§ **EXERCISE INSTRUCTIONS**
The response must consist of the lines below from the one with "Volkswagen Golf GTI" through the one with "کتونی نایک وودو کرم طوسی پنجه سبز", exactly as they appear and with both ends kept.

§ **SUPPLIED INFORMATION**
________________________________________

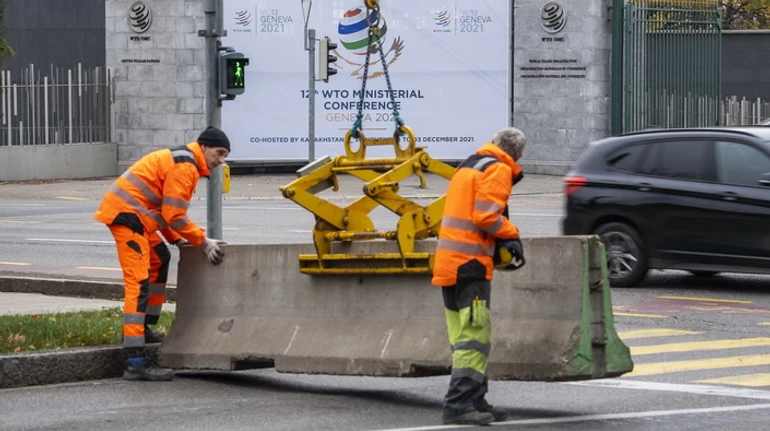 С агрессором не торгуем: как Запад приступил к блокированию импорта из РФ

________________________________________

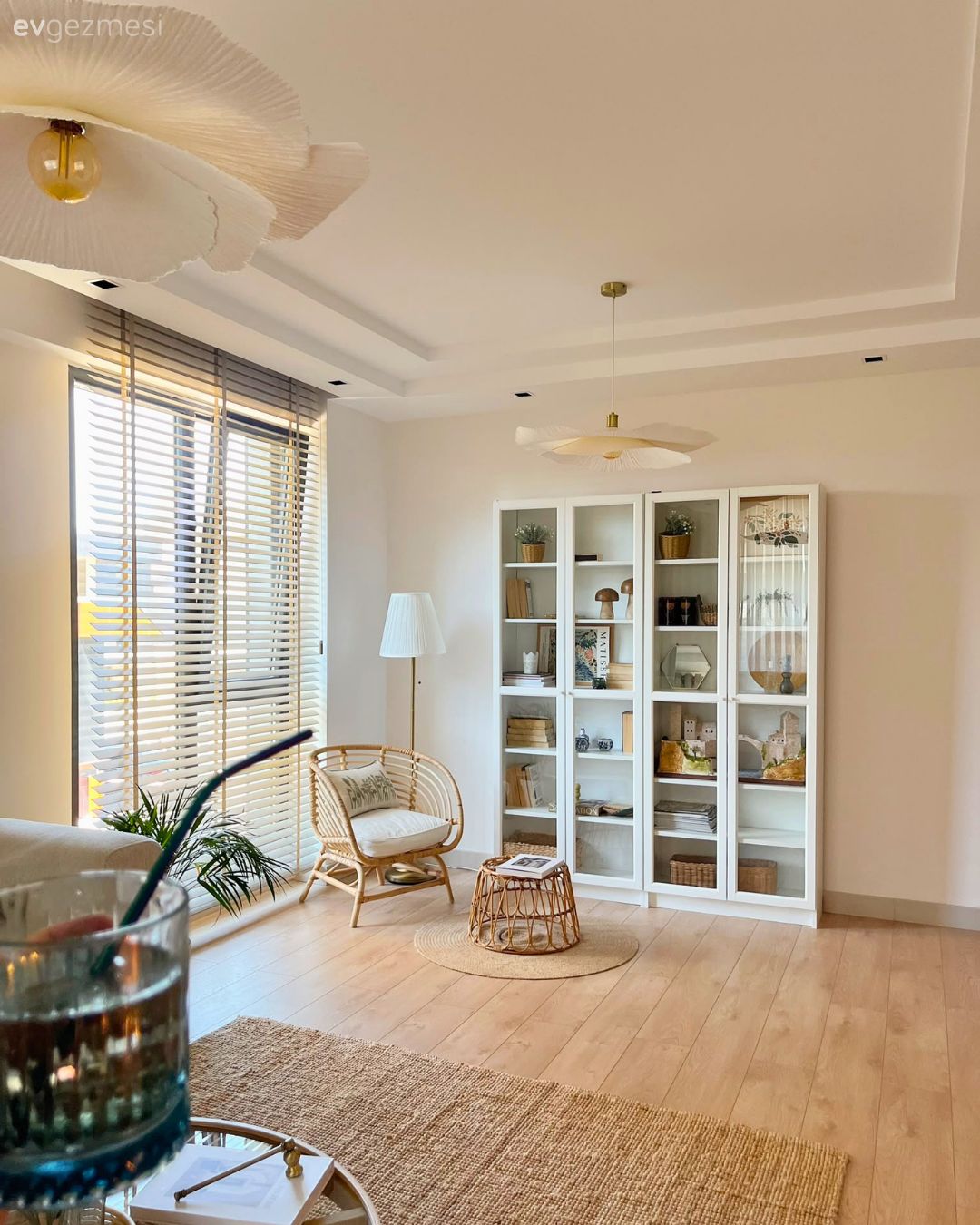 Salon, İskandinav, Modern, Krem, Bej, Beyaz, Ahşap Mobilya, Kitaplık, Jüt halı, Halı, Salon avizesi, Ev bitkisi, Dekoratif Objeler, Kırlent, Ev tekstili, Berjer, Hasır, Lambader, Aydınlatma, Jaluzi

________________________________________

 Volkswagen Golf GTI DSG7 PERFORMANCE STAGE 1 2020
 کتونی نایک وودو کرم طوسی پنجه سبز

________________________________________

§ **WRITTEN ANSWER**
 Volkswagen Golf GTI DSG7 PERFORMANCE STAGE 1 2020
 کتونی نایک وودو کرم طوسی پنجه سبز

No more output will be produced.